Vers un CI à 100%, ou comment régler les problèmes du quotidien

By Cedric !

Vers un CI à 100%, ou comment régler les problèmes du quotidien.

Toute personne ayant travaillé au développement d’un logiciel peut le dire : le cycle de développement d’un logiciel est loin d’être un fleuve tranquille.

De la récupération des besoins des clients à la mise en production en passant par l'implémentation, chaque étape apporte son lot de soucis et chaque année apporte son lot de nouvelles techniques, méthodologies et outils. Cela permet de simplifier nos vies jusqu’à une automatisation totale chacune de ces étapes.

Pourquoi il y a encore autant de tâches manuelles? Pourquoi la création d’une release prend autant de temps? Pourquoi est-ce que l’équipe est incapable de produire une nouvelle version chaque semaine?

Chacune situation ayant sa spécificité, à chaque fois les mêmes excuses sortent de la bouche des développeurs et responsables : le manque cruel de temps!

A cette remarque, il n’y a qu’une seule réponse possible : prenez-le!

Le temps gagné à streamliner chacun des process et améliorer la vie des développeurs jusqu’au QA allège le fardeau de tout le monde et fait toujours gagner du temps sur le long terme.

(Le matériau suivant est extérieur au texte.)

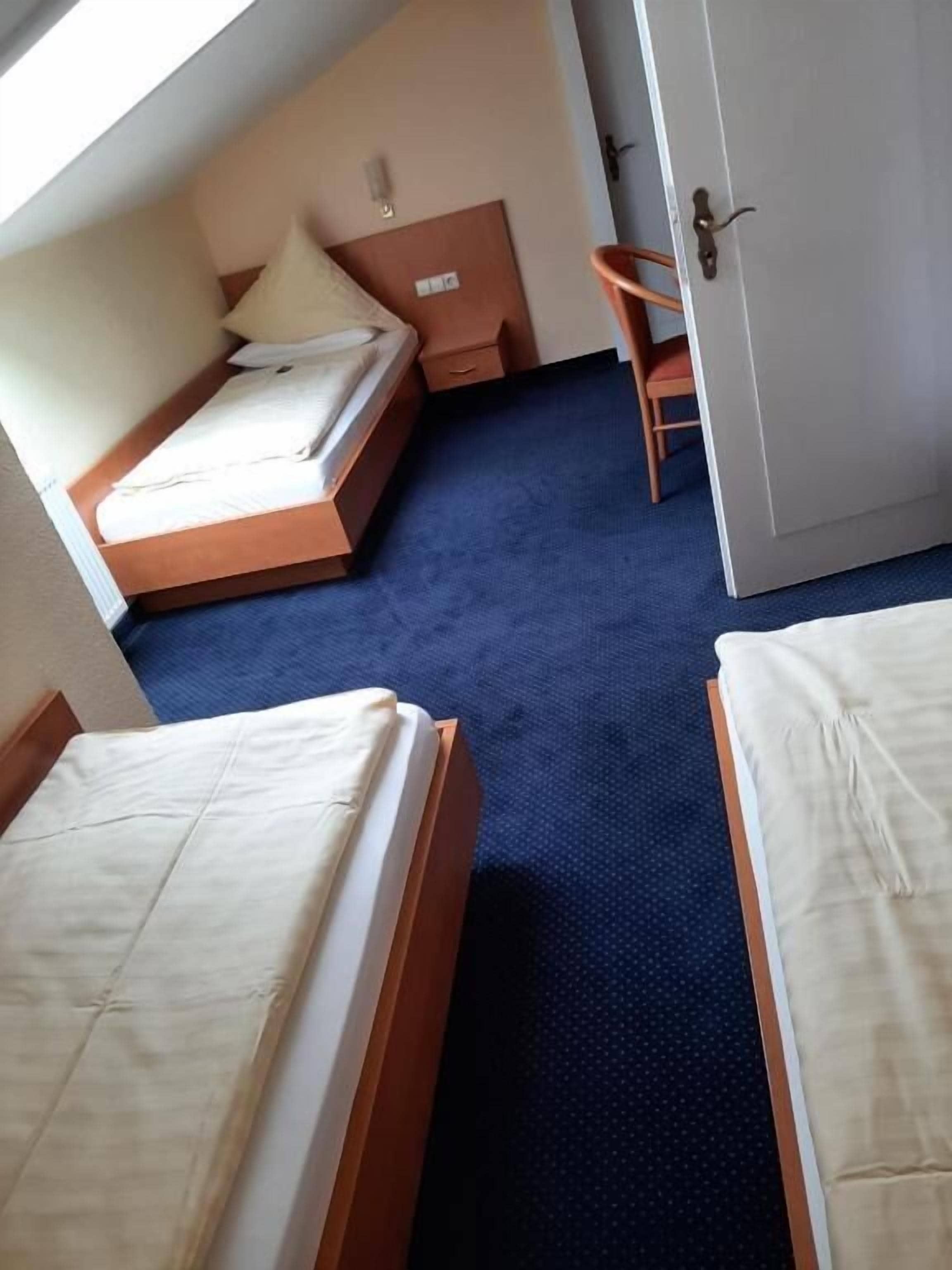 A room with two beds, a wardrobe, a chair, and a small table.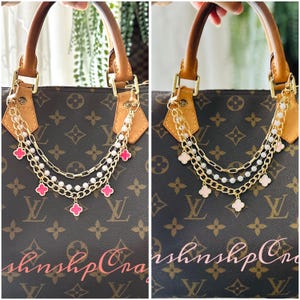 May include: A brown handbag with a gold chain and pink clover charms. The handbag has brown leather handles and gold hardware. The chain is layered with white pearls and gold links.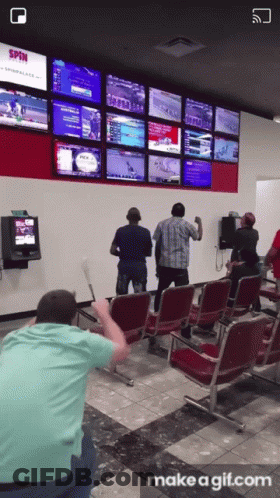 A Group Of People Standing In Front Of A Wall With A Screen That Says Spin GIF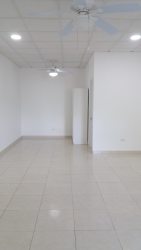 Tropical garden with paved walkways and apartment entrances El Farallón Coclé Panama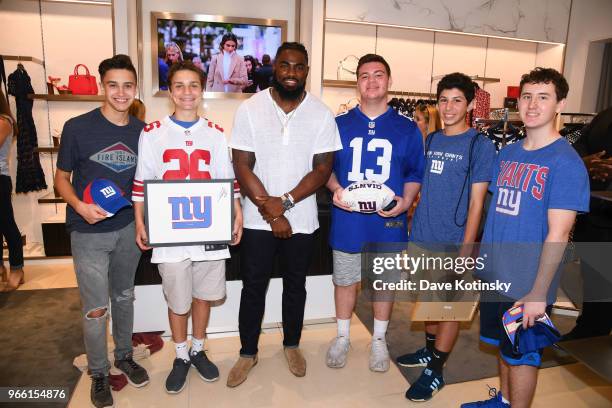 Guests and Landon Collins poses at the Michael Kors & GQ Summer Kickoff With Landon Collins on June 2, 2018 in Short Hills City.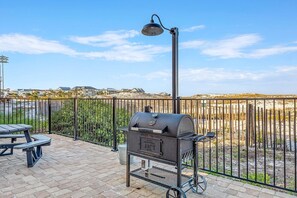 An outdoor patio with a barbecue grill, a table, and a lamp. - Direct Beach Access - Top Floor Unit - Gulf Views From Complex. (Destin)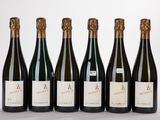 six bouteilles de vin sont alignées sur une table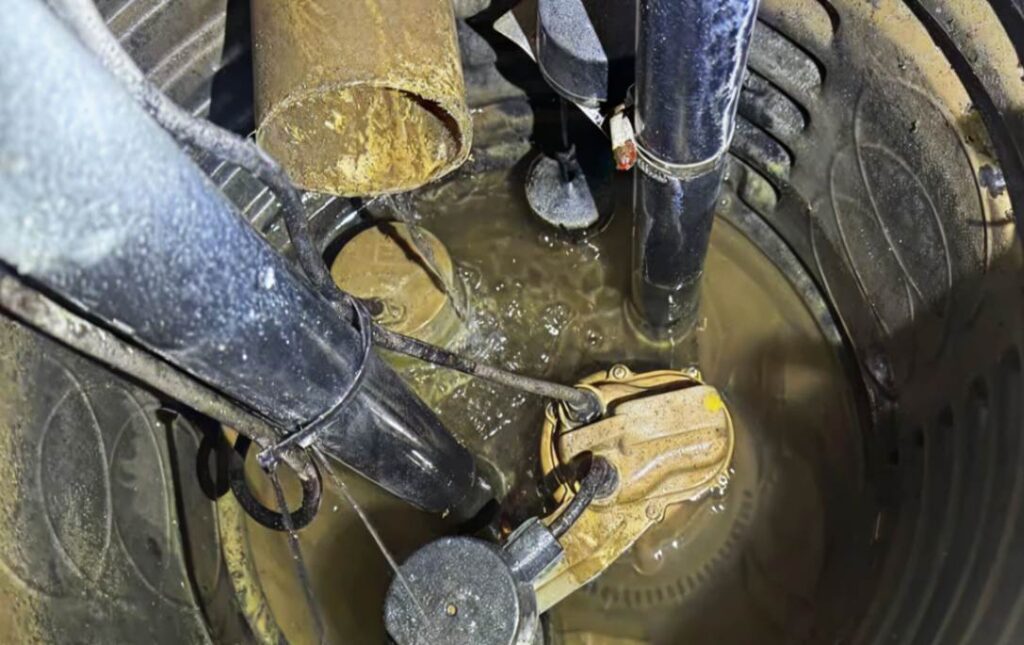 Dual pump configuration check for a sump pump repair local project by Superior Plumbing & Heating.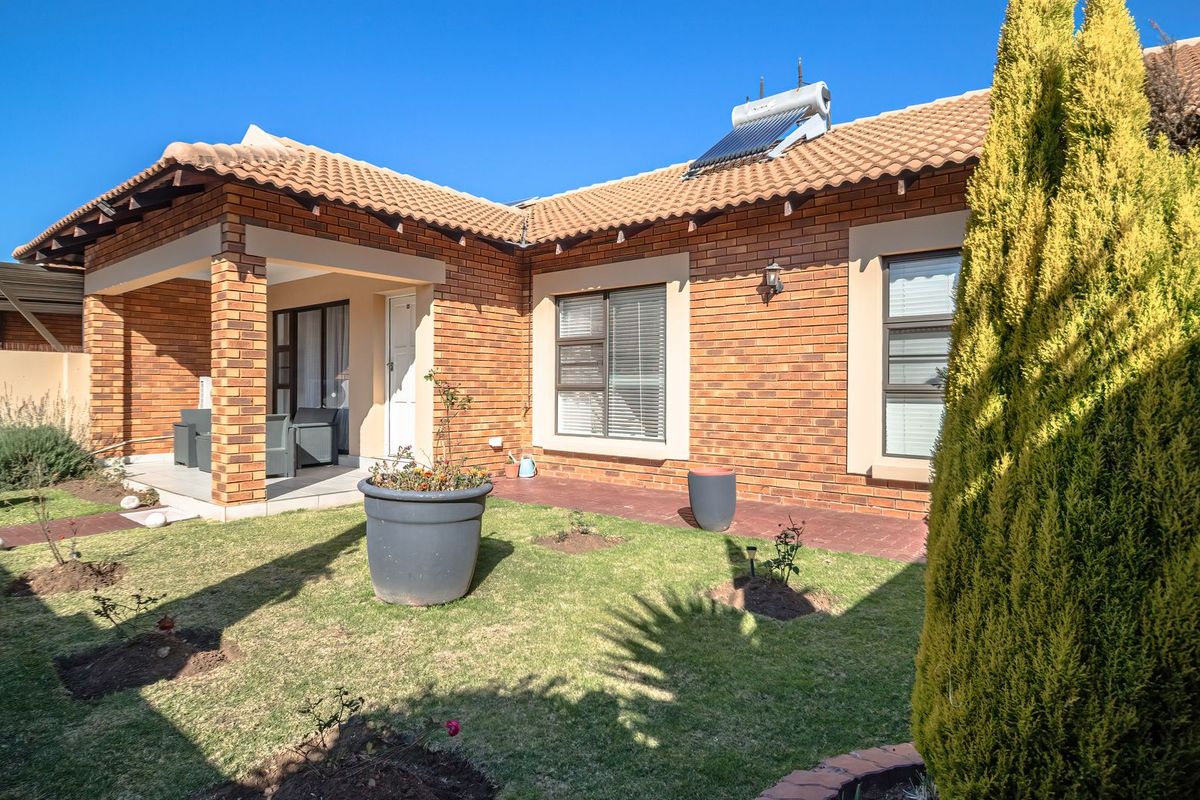 Rear view of a face brick cluster home featuring a covered patio, landscaped garden, and solar water heating system on a tiled roof.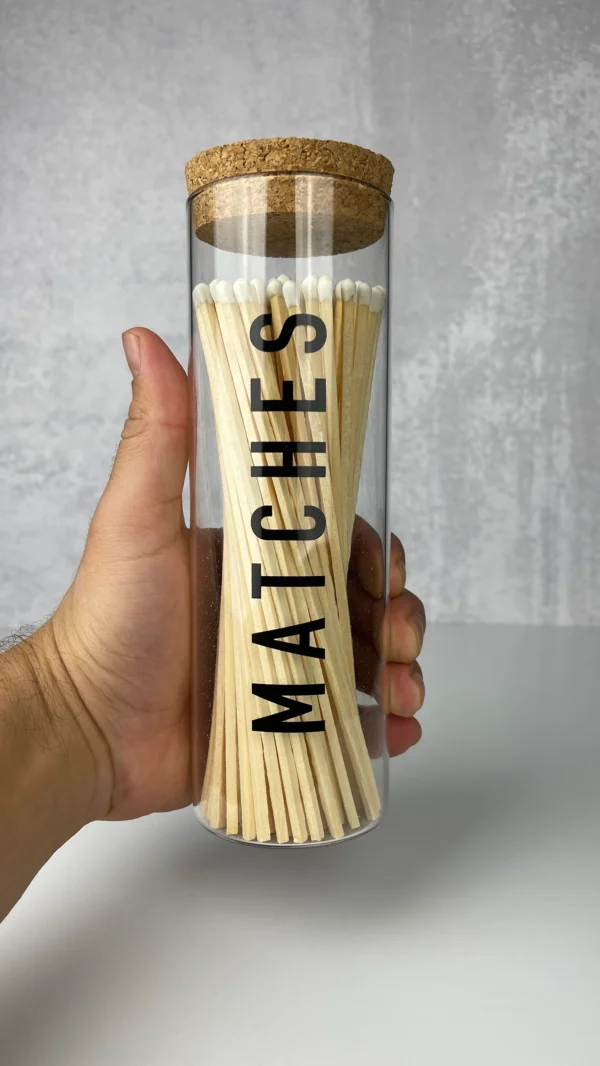 A person holding a glass container with matches in it.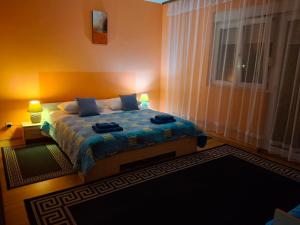 Postel nebo postele na pokoji v ubytování Villa Luketa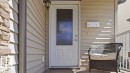 Stone veneer accent, horizontal siding, white entry door with frosted glass panel, recessed porch, and white railing - 1709 64 Street Sw, Edmonton, AB 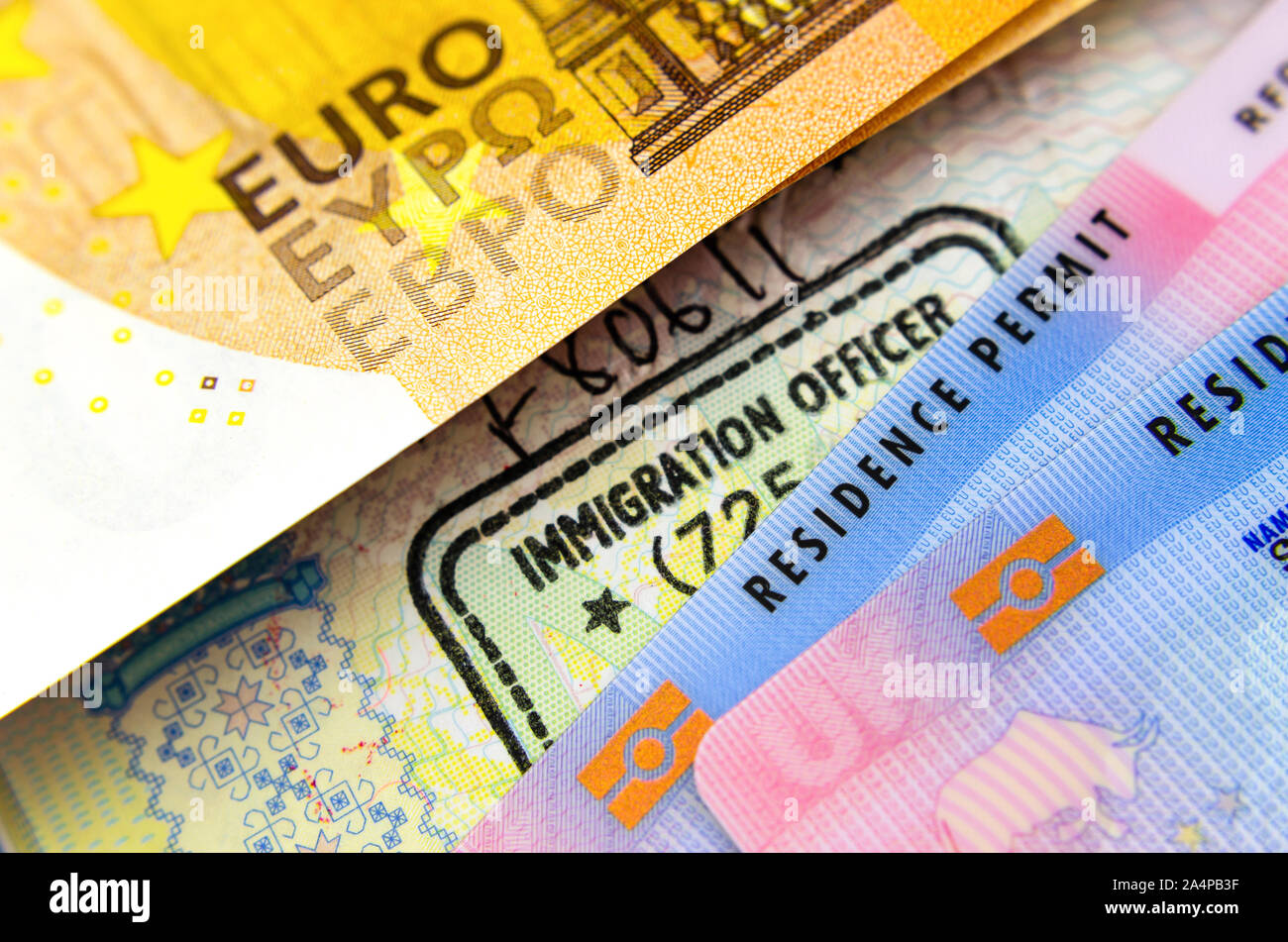 UK biometrischen Aufenthaltstitels Karten, Einreisestempel im Reisepass und ein Euro Banknote. Das Konzept Foto für Einwanderung. Stockfoto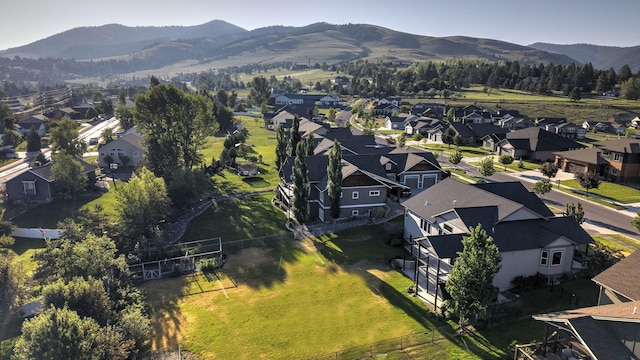 4995 Jeff Dr, Missoula, MT 59803 - aerial perspective of suburban area featuring a mountainous background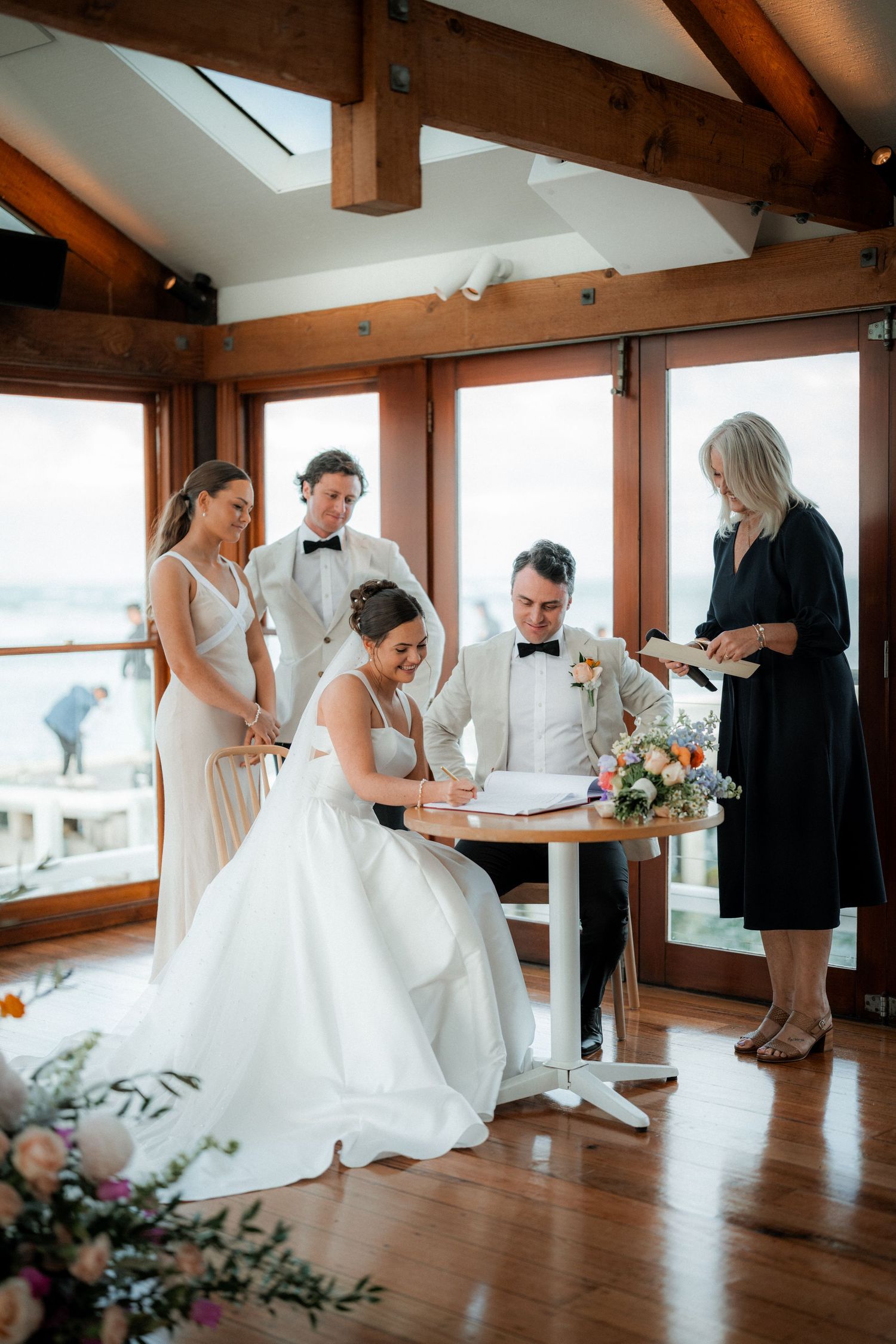Wedding preparations in a rustic wooden room with large windows and floral arrangements.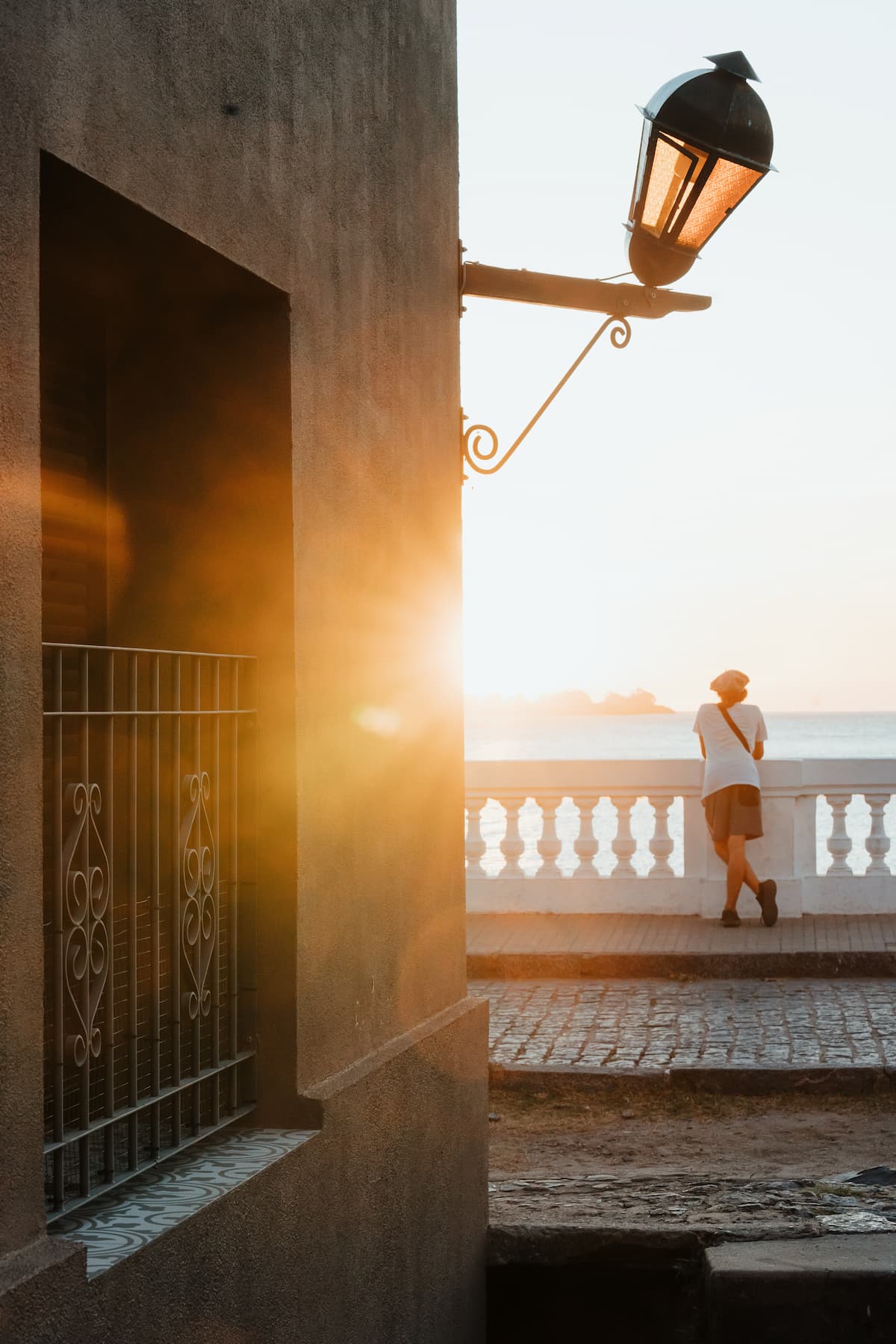 Warm sunset light spills down a narrow walkway beside the sea, with a lamppost and wooden rail silhouetted.
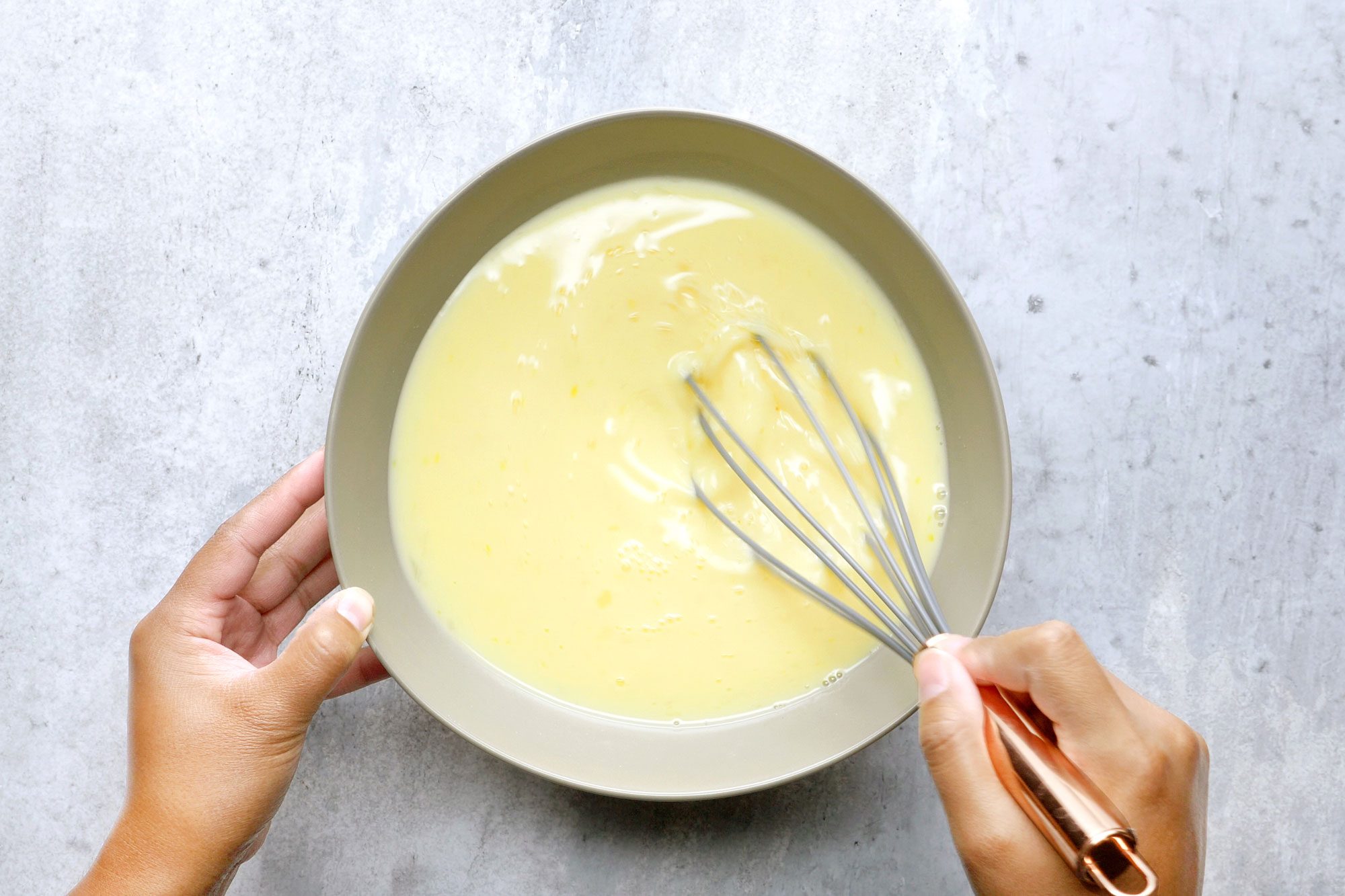 In a large bowl, beat the eggs, milk, vanilla and the remaining sugar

Cependant, chez toutes les équipes que j’ai pu croiser, j’ai toujours constaté la volonté d’améliorer la situation. Je pense ainsi que le problème n’est pas abordé sous le bon angle. Je veux donc ici, non pas faire une roadmap, mais un recueil de tous les problèmes du quotidien, proposer une éventuelle solution et une estimation de temps de mise en place.

Je vais considérer que pour votre projet, vous utilisez déjà GIT et que vous savez mettre en place une usine de build.

Problème 1: on a pas de spec ni de doc!

La source de l’arrachement des cheveux dans une équipe.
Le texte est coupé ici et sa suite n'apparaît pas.